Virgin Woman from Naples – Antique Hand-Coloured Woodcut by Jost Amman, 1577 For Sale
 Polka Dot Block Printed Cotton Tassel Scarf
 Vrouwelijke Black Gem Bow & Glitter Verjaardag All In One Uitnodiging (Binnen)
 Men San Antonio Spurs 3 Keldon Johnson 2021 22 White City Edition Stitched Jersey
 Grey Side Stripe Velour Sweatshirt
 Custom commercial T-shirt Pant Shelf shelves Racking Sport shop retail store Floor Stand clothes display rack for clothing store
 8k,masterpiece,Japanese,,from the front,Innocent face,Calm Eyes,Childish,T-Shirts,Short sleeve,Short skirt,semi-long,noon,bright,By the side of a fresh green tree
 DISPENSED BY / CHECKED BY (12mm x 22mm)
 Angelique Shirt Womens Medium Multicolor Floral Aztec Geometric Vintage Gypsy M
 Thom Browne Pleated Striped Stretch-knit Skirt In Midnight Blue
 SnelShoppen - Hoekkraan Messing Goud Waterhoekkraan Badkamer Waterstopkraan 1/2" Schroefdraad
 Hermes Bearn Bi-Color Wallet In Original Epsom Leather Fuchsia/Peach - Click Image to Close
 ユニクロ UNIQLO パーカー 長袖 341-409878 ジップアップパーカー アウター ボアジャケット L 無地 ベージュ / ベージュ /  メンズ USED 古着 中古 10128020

-*-*-

In the entries above, find the line with "Angelique Shirt Womens" and the line with "SnelShoppen - Hoekkraan", then set down exactly those two and every line between them, nothing else.

• [Response area]:
 Angelique Shirt Womens Medium Multicolor Floral Aztec Geometric Vintage Gypsy M
 Thom Browne Pleated Striped Stretch-knit Skirt In Midnight Blue
 SnelShoppen - Hoekkraan Messing Goud Waterhoekkraan Badkamer Waterstopkraan 1/2" Schroefdraad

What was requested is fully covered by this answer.